Jason Beil | 2 comments I'm with Armada. I have ideas in my head, a few key events and an ending I'm heading toward, but that's it. Sometimes I write down a note or two if I think of something I really don't want to forget, but otherwise I'm a pantser. The thing is, even with my loose idea of where things are going, I end up changing a lot of things anyway, so an outline would be pretty much a waste of time for me. But different strokes for different folks!

Nenia ✨ I yeet my books back and forth ✨ Campbell (neniacampbell) | 177 comments Mod
I guess I'm a pantser. Unless the plot is really complicated/the world building is really complicated, and then I outline.

Christopher-Michael Snyder (christophermichaelsnyer) | 13 comments I am speaking here with minimal experience but I wanted to share my experiences with writing novels (note: 102 pages into second novel..definitely not "seasoned").

I'd always wanted to write but I was overly concerned with writer's block and quite possibly having too much unfinished work. I'd never worried about lack of ideas for novels because my mind comes up with too much. Keeps me up all too often haha But one night the first scene of my first novel came to me and I felt, "Wow! That's a hell of a start". And over the next day or two a plethora of 'scenes' came to my mind. At that point I felt that I had what a movie trailer would be to a movie.

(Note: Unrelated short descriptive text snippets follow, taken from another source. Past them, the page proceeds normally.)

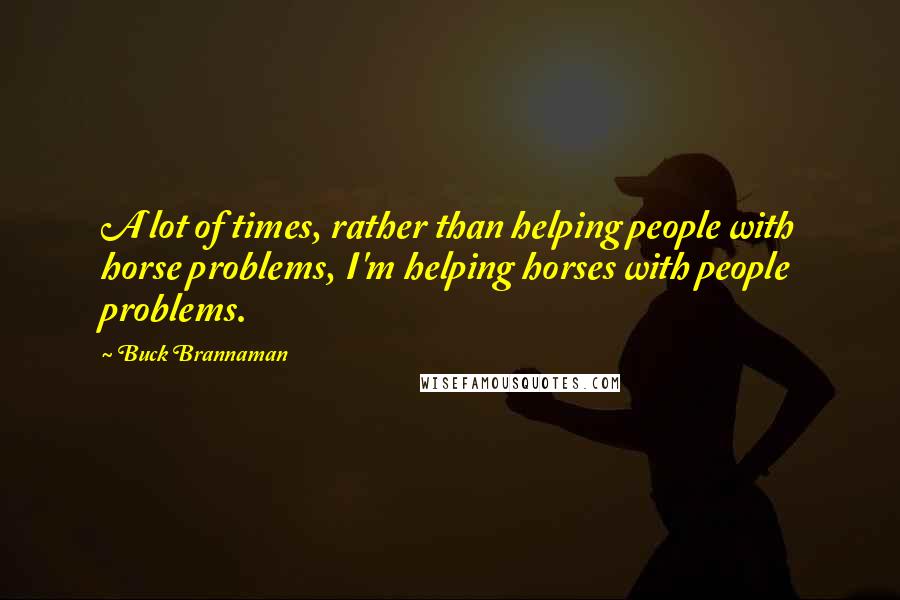 Buck Brannaman Quotes: A lot of times, rather than helping people with horse problems, I'm helping horses with people problems.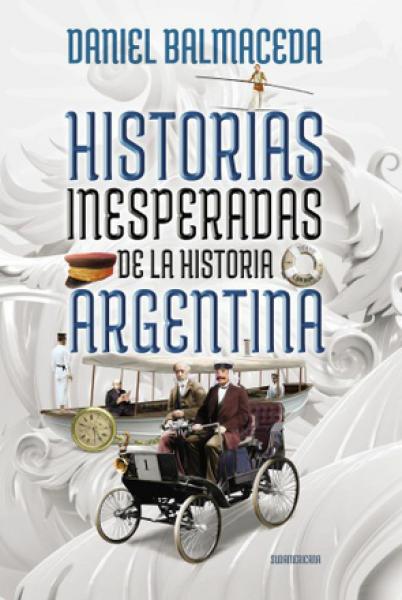 HISTORIAS INESPERADAS DE LA HISTORIA ARG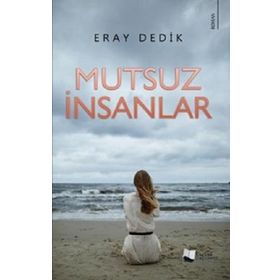 Mutsuz İnsanlar - Eray Dedik - Karina Yayınevi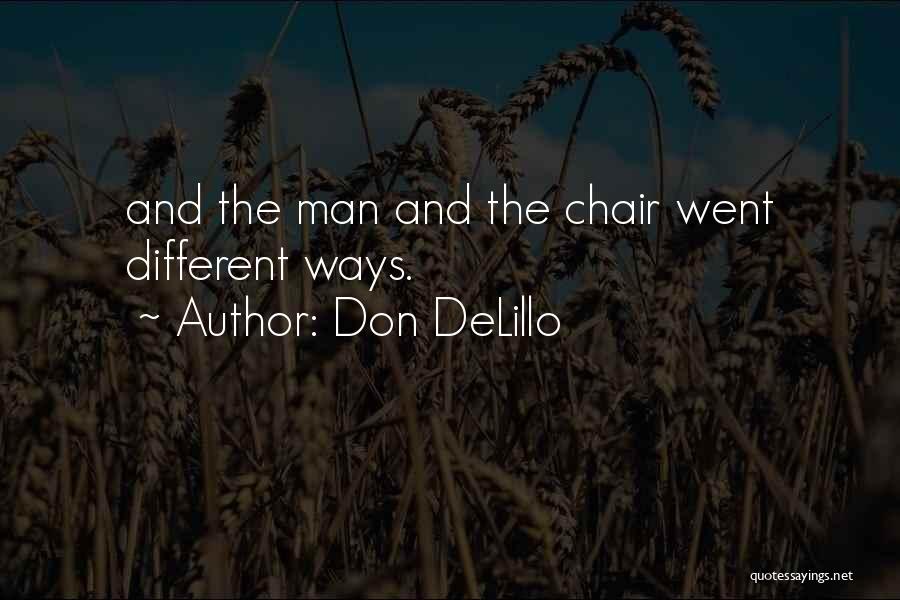 Don DeLillo Quotes: And The Man And The Chair Went Different Ways.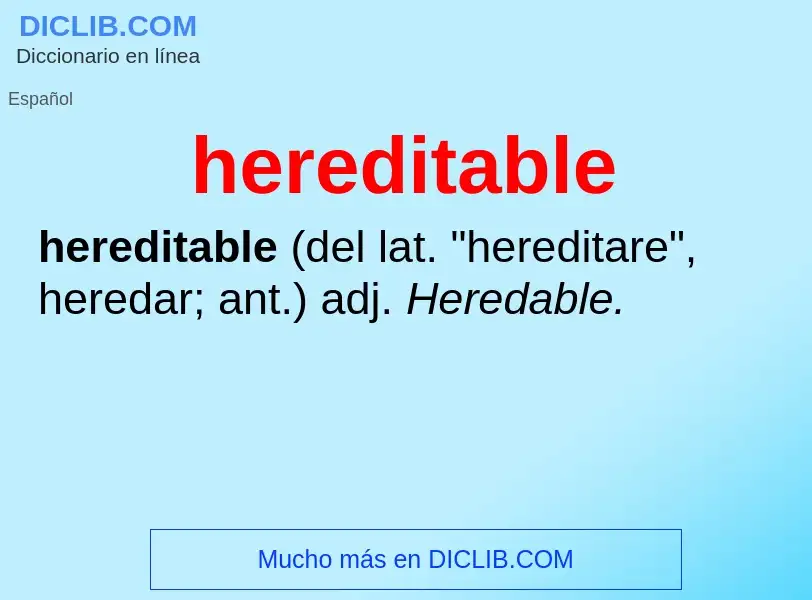 Что такое hereditable - определение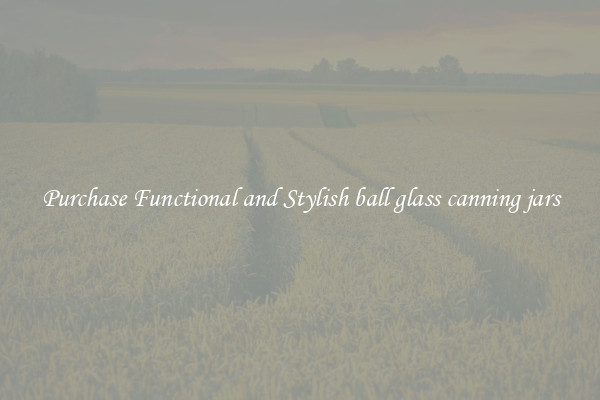 Purchase Functional and Stylish ball glass canning jars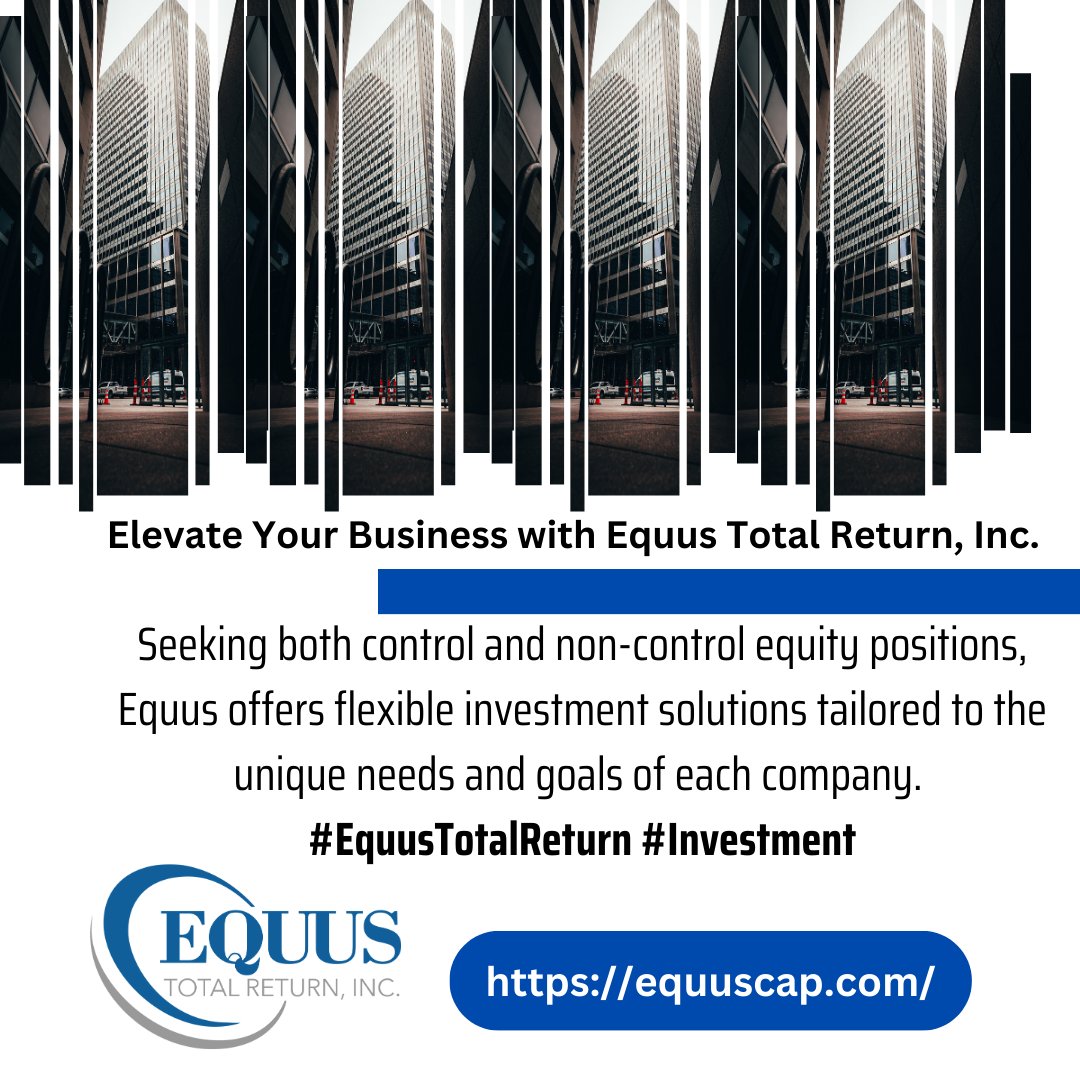 Tailored solutions to grow your business😅

Equus Total Return Inc.
equuscap.com..
#EquusTotalReturn; #InvestmentFund; #PrivateEquity; #BusinessDevelopment; #PortfolioManagement; #FinancialGrowth; #EquusCapital;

I felt that my best option for success were "creating a body" to write a complete novel. Outline the ideas I'd already had as the basic skeleton. Imagine scenes with lesser importance to the actual story (but still integral to the final story) and add them as 'organs'. And then the 'muscles' where the connecting elements. The story that lead from one outlined scene to another. For some reason my "body" wasn't going to have any skin =0)

But I sat down to write the first scene and some magic happened. A movie played out in my head. Each connecting scene occurred in real-time in my head. I typed feverishly to not miss any details of what I saw in my head. Knowing that it would be important to (potential) future readers that everything was included that I could type down. And this continued straight through to the end.

The biggest surprise to me was how things that my mind had seemed to put down in passing earlier in the story actually came back to play a part. Everything felt so intertwined. I couldn't believe it. The biggest problem in editing was to make sure that everything that was in my head made it to the manuscript and that nothing was left out in my haste. I felt that it were all too possible that something may have been left out and I could have missed it because it had been in my head so it should very well be in my book. I coded a website for people to read every page of the novel, comment on, offer edits, etc.. and had 10 people whom I trust when it comes to literary concerns. And their main goal was to make sure that everything made proper sense to them which would likely meant that everything made it from my head to the manuscript.

I felt that perhaps this had been a fluke. But a little over 100 pages into my second novel I am writing the same way. While I know of important scenes that will have to play out and when...I still just let the whole thing play out in my head, grab some mental popcorn and watch the movie play out...whilst typing furiously.

message 8: by Rick (new)

Rick Gualtieri (rickgualtieri) Christopher-michael wrote: "I am speaking here with minimal experience but I wanted to share my experiences with writing novels (note: 102 pages into second novel..definitely not "seasoned").

I'd always wanted to write but I..."

Some awesome stuff. As a huge continuity freak myself, I can dig it.